■ Problem:
Reproduce the entries below exactly, but only from the line containing "Блуза H&M модель 0634332_білий Фото" to the line containing "VW GOLF VII", inclusive.

□ □ □

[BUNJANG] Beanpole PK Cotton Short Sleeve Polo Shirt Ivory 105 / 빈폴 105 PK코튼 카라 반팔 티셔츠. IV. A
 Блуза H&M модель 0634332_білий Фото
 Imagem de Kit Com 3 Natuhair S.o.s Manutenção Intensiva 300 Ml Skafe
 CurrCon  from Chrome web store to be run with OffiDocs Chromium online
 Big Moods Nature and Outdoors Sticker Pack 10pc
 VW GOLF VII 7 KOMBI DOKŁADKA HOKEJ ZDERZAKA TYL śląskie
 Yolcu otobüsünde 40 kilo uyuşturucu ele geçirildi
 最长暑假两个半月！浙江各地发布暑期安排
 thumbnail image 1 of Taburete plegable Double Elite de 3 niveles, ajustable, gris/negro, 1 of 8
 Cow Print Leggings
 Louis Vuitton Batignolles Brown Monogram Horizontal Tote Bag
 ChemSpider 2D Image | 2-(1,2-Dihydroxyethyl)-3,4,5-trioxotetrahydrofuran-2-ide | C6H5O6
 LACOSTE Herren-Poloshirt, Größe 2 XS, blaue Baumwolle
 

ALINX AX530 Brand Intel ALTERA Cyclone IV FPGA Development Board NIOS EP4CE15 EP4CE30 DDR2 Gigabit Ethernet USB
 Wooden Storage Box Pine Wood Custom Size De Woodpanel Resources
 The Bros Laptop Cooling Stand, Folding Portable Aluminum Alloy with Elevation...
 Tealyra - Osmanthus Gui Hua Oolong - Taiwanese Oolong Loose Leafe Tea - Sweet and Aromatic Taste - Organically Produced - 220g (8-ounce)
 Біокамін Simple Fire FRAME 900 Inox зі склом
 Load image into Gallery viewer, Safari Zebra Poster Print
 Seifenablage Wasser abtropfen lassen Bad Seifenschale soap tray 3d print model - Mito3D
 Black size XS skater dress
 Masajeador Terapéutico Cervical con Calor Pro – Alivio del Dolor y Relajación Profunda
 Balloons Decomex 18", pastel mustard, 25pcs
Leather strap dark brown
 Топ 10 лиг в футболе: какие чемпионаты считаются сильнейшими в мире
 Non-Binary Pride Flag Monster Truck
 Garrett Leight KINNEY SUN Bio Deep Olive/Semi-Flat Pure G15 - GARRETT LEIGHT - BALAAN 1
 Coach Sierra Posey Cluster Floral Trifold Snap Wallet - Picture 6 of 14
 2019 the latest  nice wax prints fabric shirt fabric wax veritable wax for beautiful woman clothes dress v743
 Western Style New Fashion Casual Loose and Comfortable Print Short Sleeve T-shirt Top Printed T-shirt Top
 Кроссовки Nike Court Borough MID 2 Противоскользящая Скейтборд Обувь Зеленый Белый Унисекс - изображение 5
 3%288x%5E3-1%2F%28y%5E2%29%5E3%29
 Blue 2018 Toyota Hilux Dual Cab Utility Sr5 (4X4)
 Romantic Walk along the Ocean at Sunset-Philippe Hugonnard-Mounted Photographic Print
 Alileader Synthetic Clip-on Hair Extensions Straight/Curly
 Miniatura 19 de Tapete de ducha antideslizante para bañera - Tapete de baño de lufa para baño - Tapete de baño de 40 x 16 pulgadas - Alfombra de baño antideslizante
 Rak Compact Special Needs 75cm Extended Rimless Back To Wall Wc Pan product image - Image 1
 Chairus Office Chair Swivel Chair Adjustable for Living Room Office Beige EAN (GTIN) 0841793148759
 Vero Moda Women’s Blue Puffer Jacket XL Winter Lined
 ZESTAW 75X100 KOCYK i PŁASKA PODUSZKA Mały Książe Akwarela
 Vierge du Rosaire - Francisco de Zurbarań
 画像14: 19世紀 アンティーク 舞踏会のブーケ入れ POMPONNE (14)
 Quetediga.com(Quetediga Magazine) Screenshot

□ □ □

■ Completed exercise:
 Блуза H&M модель 0634332_білий Фото
 Imagem de Kit Com 3 Natuhair S.o.s Manutenção Intensiva 300 Ml Skafe
 CurrCon  from Chrome web store to be run with OffiDocs Chromium online
 Big Moods Nature and Outdoors Sticker Pack 10pc
 VW GOLF VII 7 KOMBI DOKŁADKA HOKEJ ZDERZAKA TYL śląskie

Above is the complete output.